YOUR INSTRUCTIONS: An exact transcription of all the entries is needed; pictures stay out.

Pictures with short captions:
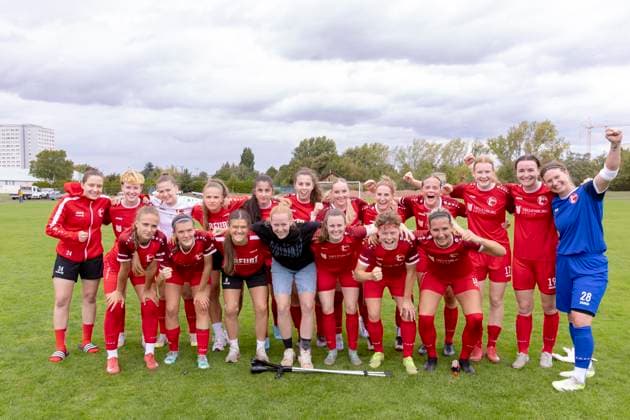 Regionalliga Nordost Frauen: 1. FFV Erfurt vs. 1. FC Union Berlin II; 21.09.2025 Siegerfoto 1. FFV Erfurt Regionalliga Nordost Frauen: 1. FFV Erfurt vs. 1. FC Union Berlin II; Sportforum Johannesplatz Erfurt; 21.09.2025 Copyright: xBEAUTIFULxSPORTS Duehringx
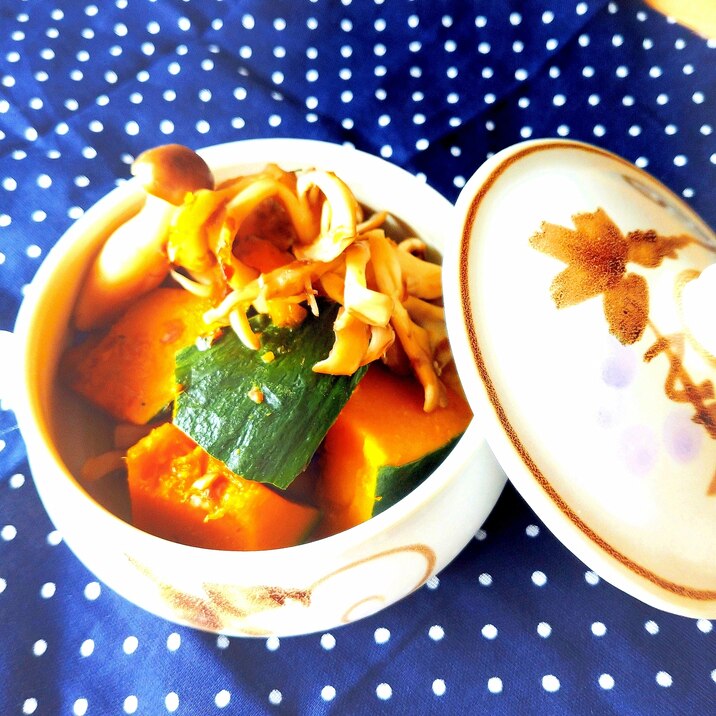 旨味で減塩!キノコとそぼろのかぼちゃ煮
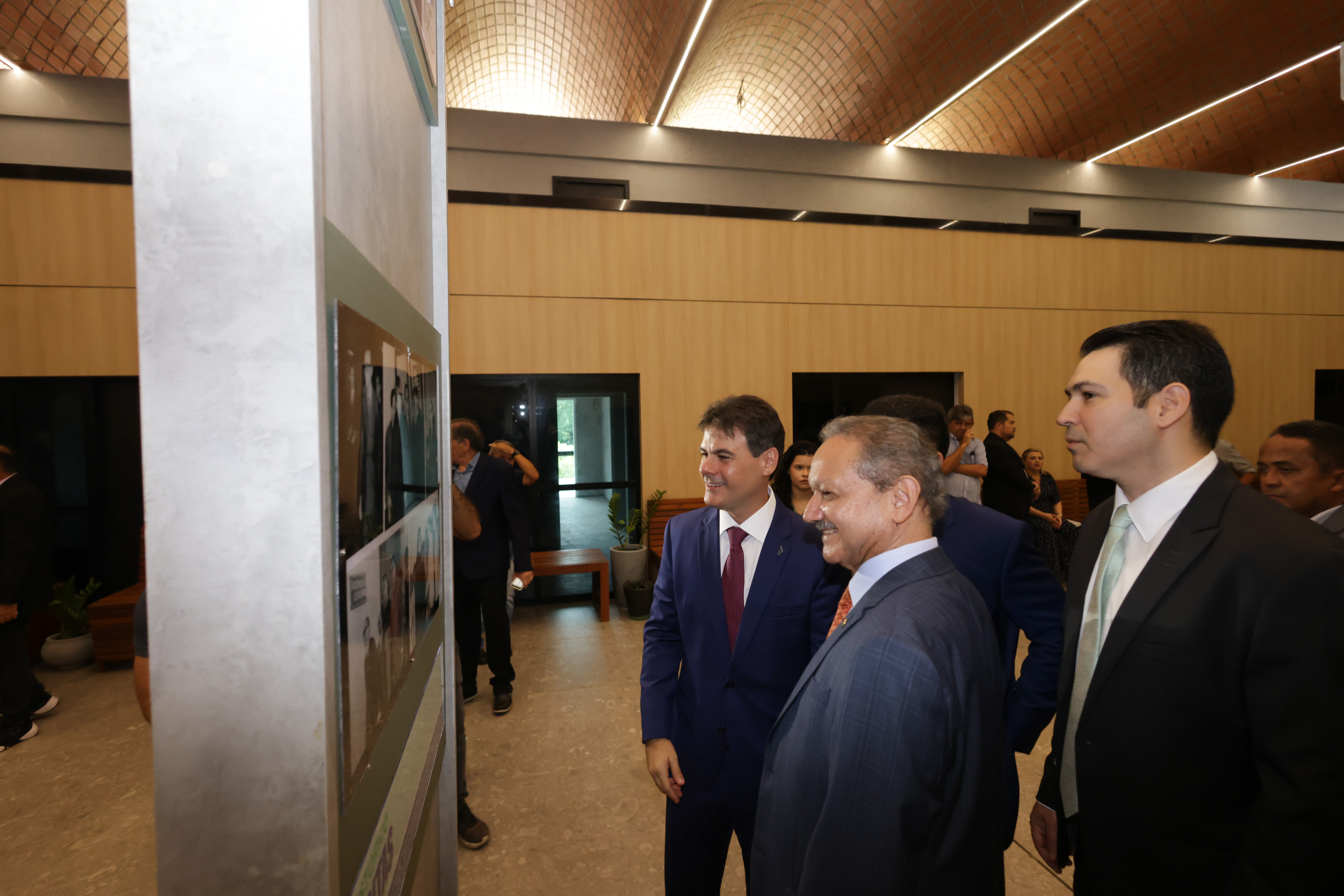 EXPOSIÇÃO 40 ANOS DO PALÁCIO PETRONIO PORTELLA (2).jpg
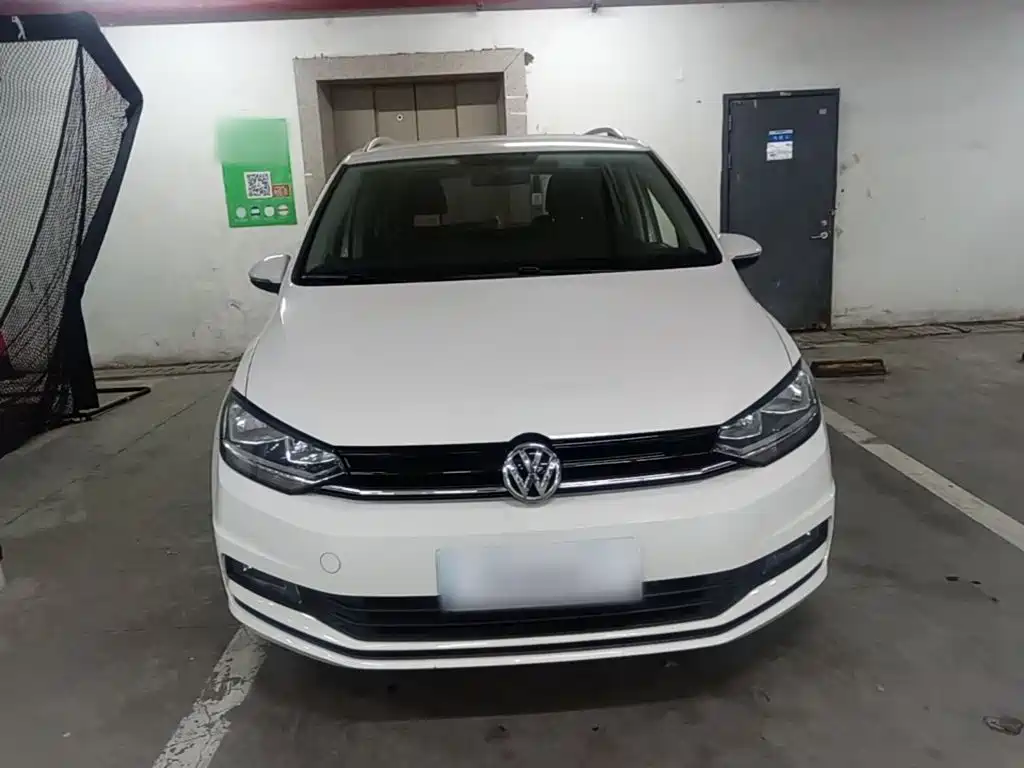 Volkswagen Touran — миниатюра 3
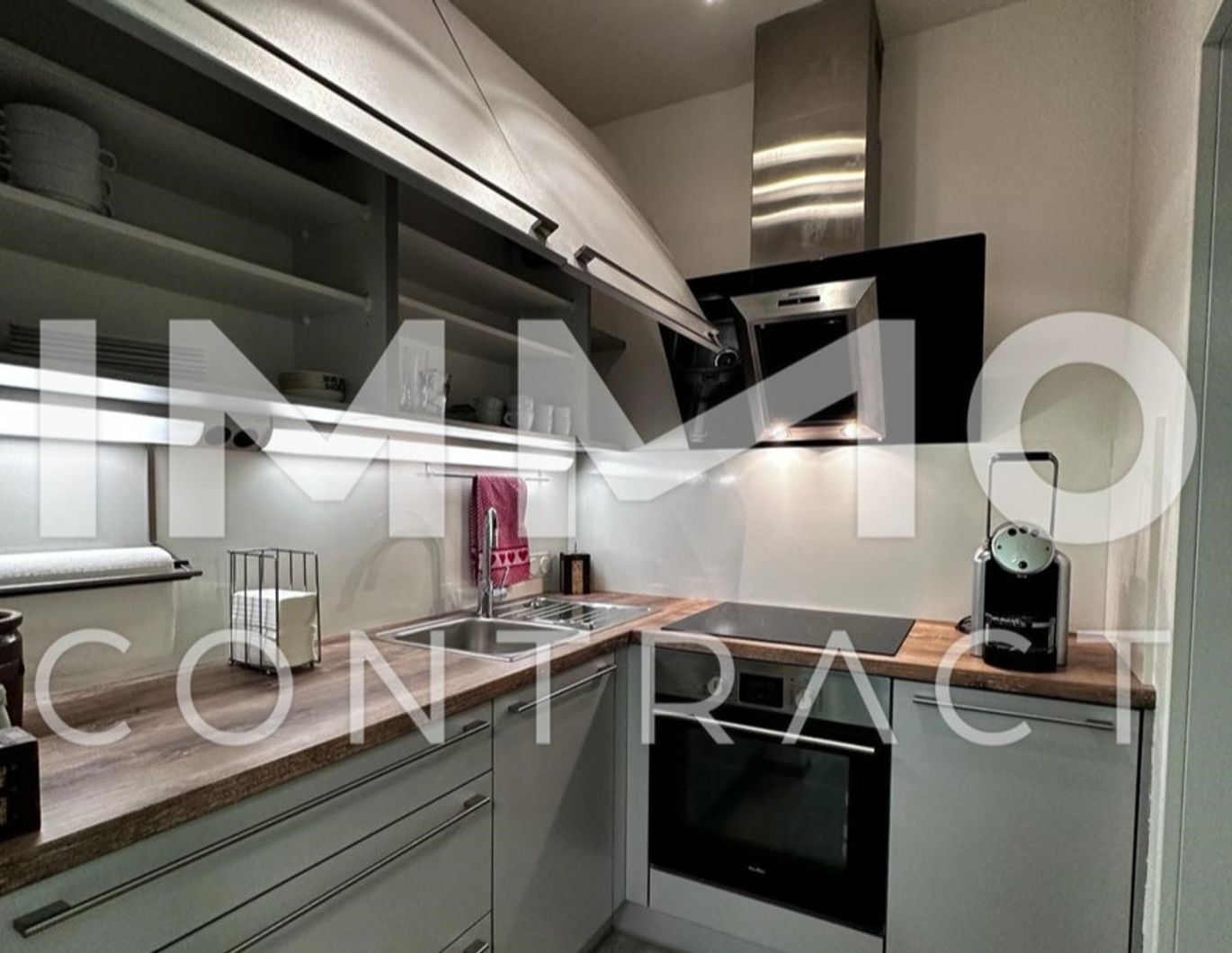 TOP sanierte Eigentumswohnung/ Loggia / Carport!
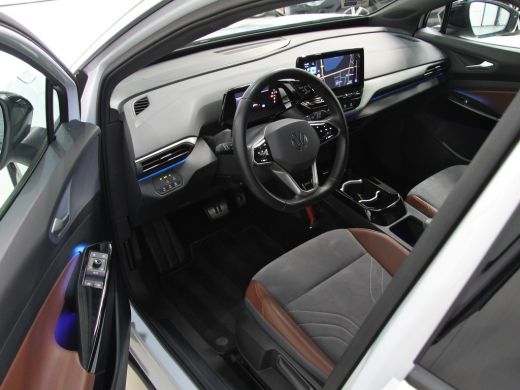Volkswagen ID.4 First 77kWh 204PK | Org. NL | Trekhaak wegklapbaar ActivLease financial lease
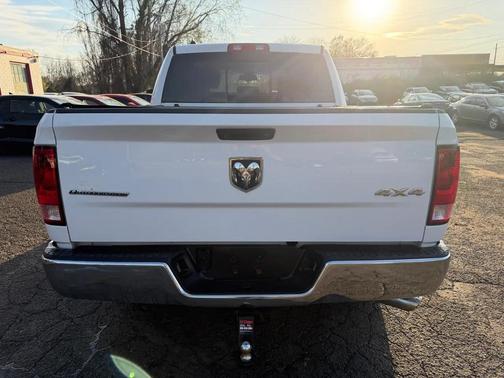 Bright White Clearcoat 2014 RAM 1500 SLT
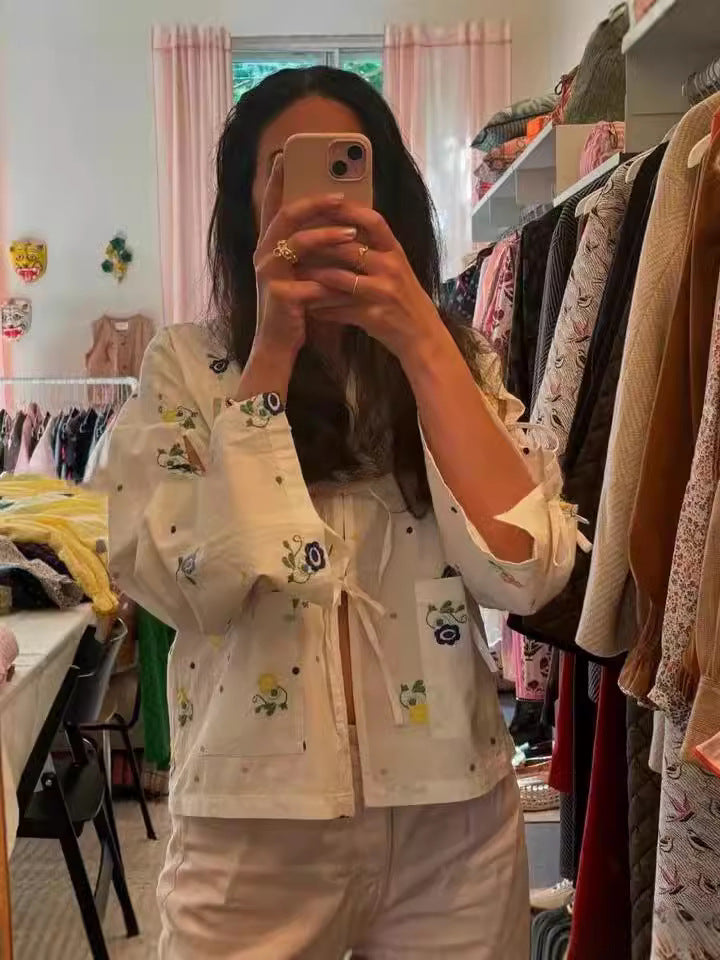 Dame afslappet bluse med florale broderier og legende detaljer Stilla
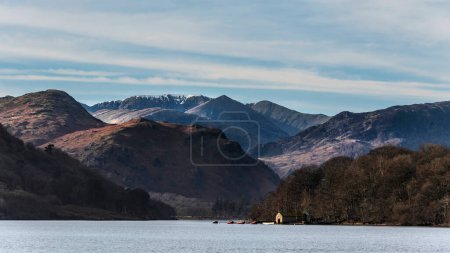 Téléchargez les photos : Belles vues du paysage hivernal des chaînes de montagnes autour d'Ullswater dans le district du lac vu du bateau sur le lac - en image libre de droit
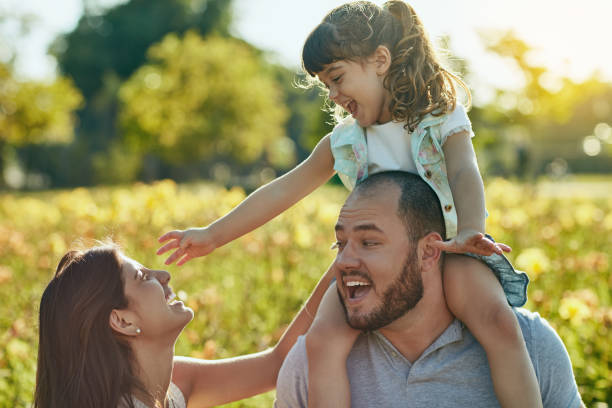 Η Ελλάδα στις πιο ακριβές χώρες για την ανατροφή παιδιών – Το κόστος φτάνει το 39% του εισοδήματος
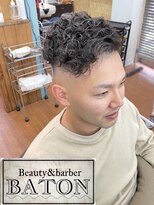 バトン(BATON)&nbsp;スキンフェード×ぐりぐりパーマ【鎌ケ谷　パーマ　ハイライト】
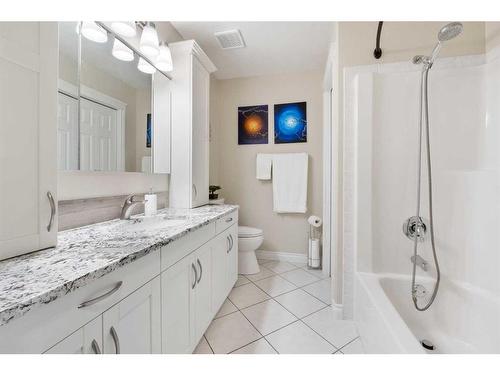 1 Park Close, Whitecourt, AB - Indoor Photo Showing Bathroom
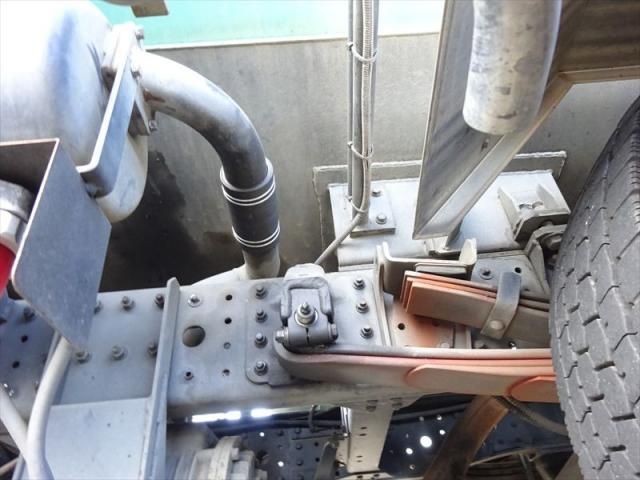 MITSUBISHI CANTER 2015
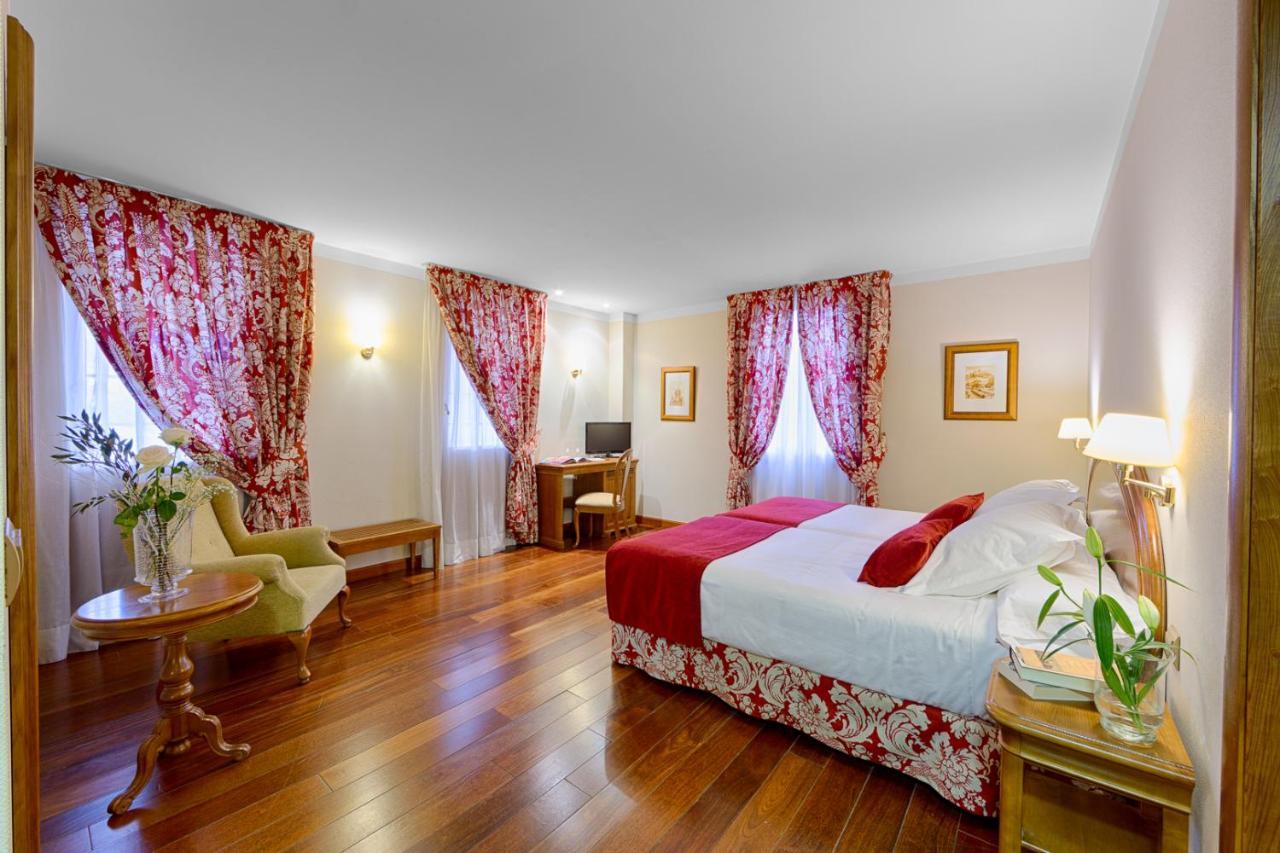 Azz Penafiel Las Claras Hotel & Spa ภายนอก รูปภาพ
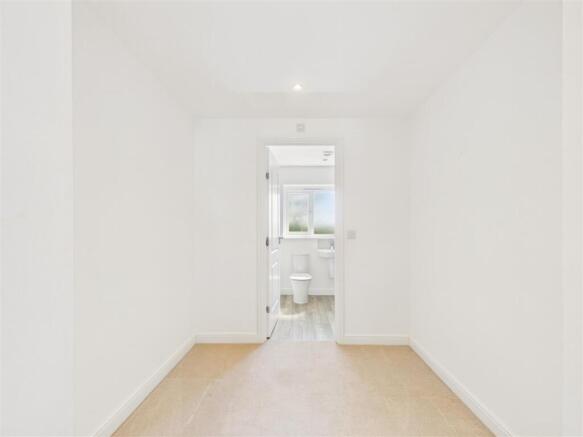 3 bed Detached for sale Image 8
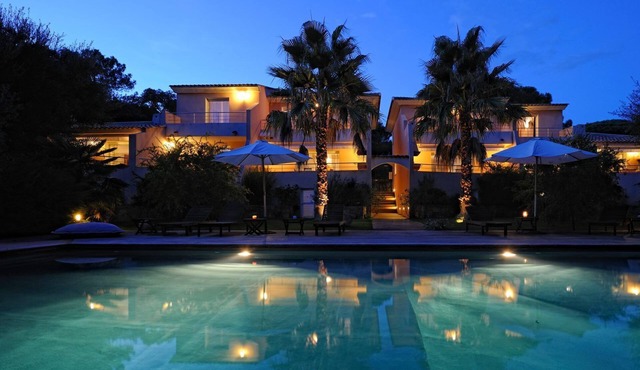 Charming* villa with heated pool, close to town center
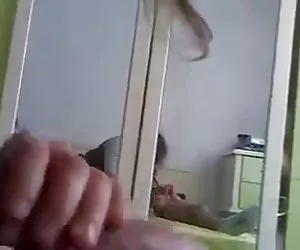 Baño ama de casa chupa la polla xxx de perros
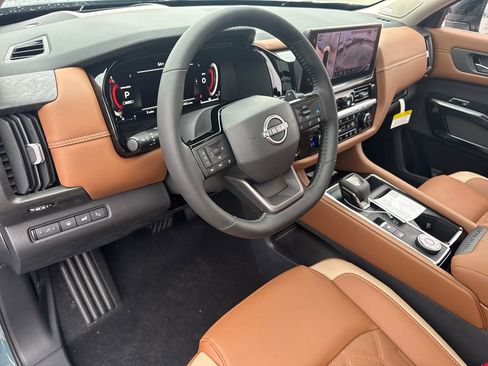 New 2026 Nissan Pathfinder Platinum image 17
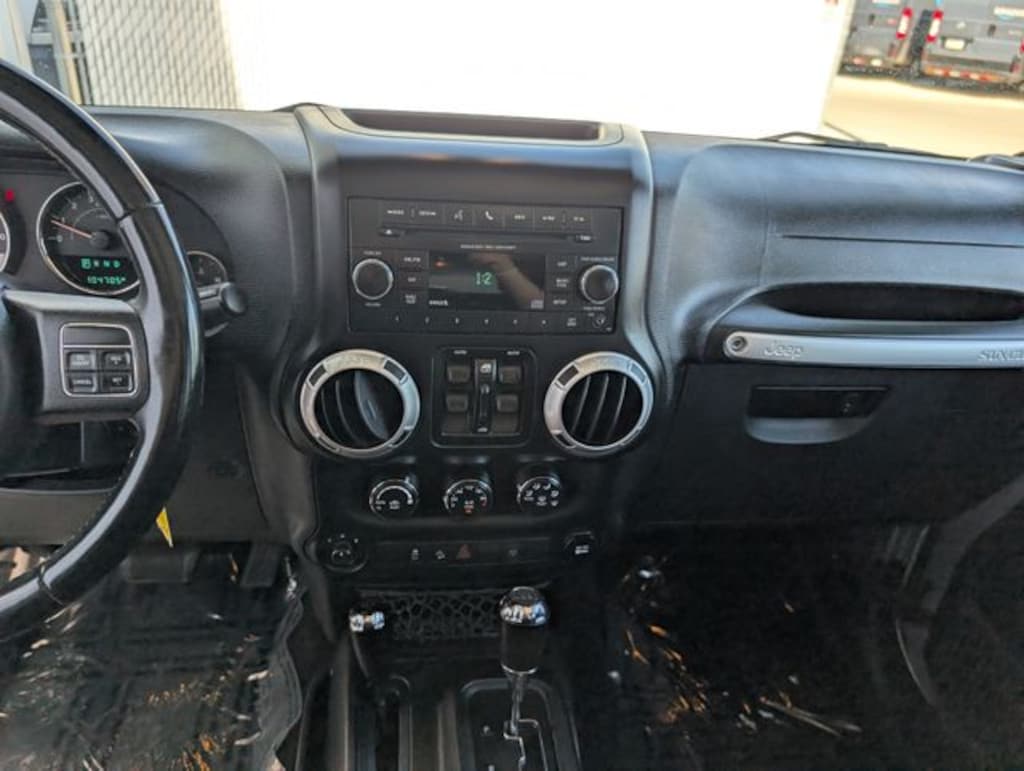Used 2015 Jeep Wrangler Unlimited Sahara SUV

TASK ANSWER:
 Regionalliga Nordost Frauen: 1. FFV Erfurt vs. 1. FC Union Berlin II; 21.09.2025 Siegerfoto 1. FFV Erfurt Regionalliga Nordost Frauen: 1. FFV Erfurt vs. 1. FC Union Berlin II; Sportforum Johannesplatz Erfurt; 21.09.2025 Copyright: xBEAUTIFULxSPORTS Duehringx
 旨味で減塩!キノコとそぼろのかぼちゃ煮
 EXPOSIÇÃO 40 ANOS DO PALÁCIO PETRONIO PORTELLA (2).jpg
 Volkswagen Touran — миниатюра 3
 TOP sanierte Eigentumswohnung/ Loggia / Carport!
Volkswagen ID.4 First 77kWh 204PK | Org. NL | Trekhaak wegklapbaar ActivLease financial lease
 Bright White Clearcoat 2014 RAM 1500 SLT
 Dame afslappet bluse med florale broderier og legende detaljer Stilla
 Téléchargez les photos : Belles vues du paysage hivernal des chaînes de montagnes autour d'Ullswater dans le district du lac vu du bateau sur le lac - en image libre de droit
 Η Ελλάδα στις πιο ακριβές χώρες για την ανατροφή παιδιών – Το κόστος φτάνει το 39% του εισοδήματος
 バトン(BATON)&nbsp;スキンフェード×ぐりぐりパーマ【鎌ケ谷　パーマ　ハイライト】
 1 Park Close, Whitecourt, AB - Indoor Photo Showing Bathroom
 MITSUBISHI CANTER 2015
 Azz Penafiel Las Claras Hotel & Spa ภายนอก รูปภาพ
 3 bed Detached for sale Image 8
 Charming* villa with heated pool, close to town center
 Baño ama de casa chupa la polla xxx de perros
 New 2026 Nissan Pathfinder Platinum image 17
Used 2015 Jeep Wrangler Unlimited Sahara SUV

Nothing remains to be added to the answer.